Academic Primary Health Care Centre, Stockholm County Council, Stockholm, Sweden.
Division of Family Medicine and Primary Care, Department of Neurobiology, Care Sciences and Society, Karolinska Institute, Huddinge, Sweden.
Basic Clin Pharmacol Toxicol. 2019 Mar;124(3):256-265. doi: 10.1111/bcpt.13127. Epub 2018 Oct 17.

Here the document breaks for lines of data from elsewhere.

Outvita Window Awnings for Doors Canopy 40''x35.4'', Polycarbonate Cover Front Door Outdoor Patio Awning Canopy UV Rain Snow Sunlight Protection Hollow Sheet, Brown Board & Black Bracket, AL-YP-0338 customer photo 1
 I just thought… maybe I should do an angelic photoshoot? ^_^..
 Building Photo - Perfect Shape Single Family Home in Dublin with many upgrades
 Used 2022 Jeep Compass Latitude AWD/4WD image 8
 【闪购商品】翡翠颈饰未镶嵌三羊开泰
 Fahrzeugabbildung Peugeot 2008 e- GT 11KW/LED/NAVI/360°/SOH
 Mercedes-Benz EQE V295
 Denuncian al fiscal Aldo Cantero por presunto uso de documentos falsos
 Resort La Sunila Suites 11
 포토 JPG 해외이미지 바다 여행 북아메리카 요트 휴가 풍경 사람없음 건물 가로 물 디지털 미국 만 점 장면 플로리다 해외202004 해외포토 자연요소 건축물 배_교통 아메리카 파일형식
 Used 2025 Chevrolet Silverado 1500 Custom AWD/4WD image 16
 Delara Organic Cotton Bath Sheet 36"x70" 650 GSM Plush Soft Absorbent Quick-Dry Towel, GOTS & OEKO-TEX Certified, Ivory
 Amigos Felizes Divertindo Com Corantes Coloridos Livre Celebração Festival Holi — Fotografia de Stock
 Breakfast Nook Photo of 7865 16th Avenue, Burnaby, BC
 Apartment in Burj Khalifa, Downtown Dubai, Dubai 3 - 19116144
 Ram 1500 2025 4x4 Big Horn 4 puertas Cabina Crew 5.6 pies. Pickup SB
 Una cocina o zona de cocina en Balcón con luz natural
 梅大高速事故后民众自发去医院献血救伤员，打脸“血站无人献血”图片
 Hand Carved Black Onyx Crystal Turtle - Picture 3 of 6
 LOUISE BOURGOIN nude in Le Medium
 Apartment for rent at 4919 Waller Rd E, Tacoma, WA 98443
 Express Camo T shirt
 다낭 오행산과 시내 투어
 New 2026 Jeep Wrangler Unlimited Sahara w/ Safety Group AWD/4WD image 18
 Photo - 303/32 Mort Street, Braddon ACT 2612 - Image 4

The aim of this population-based, cross-sectional study was to analyse the prevalence of renally inappropriate medicines (RIMs) in older people with renal impairment. We included 30 372 people aged ≥65 years with chronic kidney disease (CKD) stage 3, and 2161 with stage 4 attending primary care in Stockholm, Sweden. We used data derived from SCREAM, a database linking patient-specific data on demography, morbidity, healthcare consumption and dispensed drugs to creatinine measurements. Estimated glomerular filtration rate was calculated with CKD-EPI based on the first non-hospital serum creatinine in 2010. RIMs were defined as medicines needing dose adjustment or being contra-indicated in CKD stage 3 or 4 with reference to Swedish "Janusmed Drugs and Renal function." Dispensed prescription drugs were analysed during 1 year after creatinine assessment. Drug doses were considered as excessive if their mean volume dispensed per day exceeded the recommended dose. Contra-indicated medicines were regarded as inappropriate if dispensed at least once during 1 year. Excessive dosing was present in 42.5% of older people with CKD stage 3 and in 58.1% with stage 4. The prevalence of contra-indicated medicines was 9.4% and 38.0%, respectively. A limited number of RIMs accounted for the majority of excessive dosing, such as drugs acting on the renin-angiotensin-aldosterone system, betablockers and opioids. Commonly dispensed contra-indicated substances were NSAIDs and antidiabetics. We conclude that the prevalence of RIMs in older people with renal impairment is considerably high. Still, RIM use may be manageable as only a limited number of RIMs are frequently used.
本基于人群的横断面研究旨在分析肾功能不全的老年人群中肾不适当药物(RIM)的流行情况。我们纳入了 30372 名年龄≥65 岁且患有慢性肾脏病(CKD)3 期和 2161 名 4 期的患者,他们在瑞典斯德哥尔摩接受初级保健。我们使用了源自 SCREAM 的数据,该数据库将患者的人口统计学、发病率、医疗保健消费和配药数据与肌酐测量值相关联。根据 2010 年首次非住院血清肌酐,使用 CKD-EPI 计算估算肾小球滤过率。根据瑞典“Janusmed 药品与肾功能”,RIM 被定义为在 CKD 3 或 4 期需要剂量调整或禁忌的药物。在肌酐评估后 1 年内分析配药的处方药。如果每日平均配药量超过推荐剂量,则认为药物剂量过大。如果在 1 年内至少配过一次,则认为禁忌药物不适当。3 期 CKD 老年患者中,药物剂量过大的比例为 42.5%,4 期患者为 58.1%。禁忌药物的患病率分别为 9.4%和 38.0%。少数 RIM 占大部分药物剂量过大的原因,如作用于肾素-血管紧张素-醛固酮系统的药物、β受体阻滞剂和阿片类药物。经常配给的禁忌物质是 NSAIDs 和抗糖尿病药物。我们的结论是,肾功能不全的老年患者中 RIM 的患病率相当高。然而,由于只有少数 RIM 经常使用,因此 RIM 的使用可能是可控的。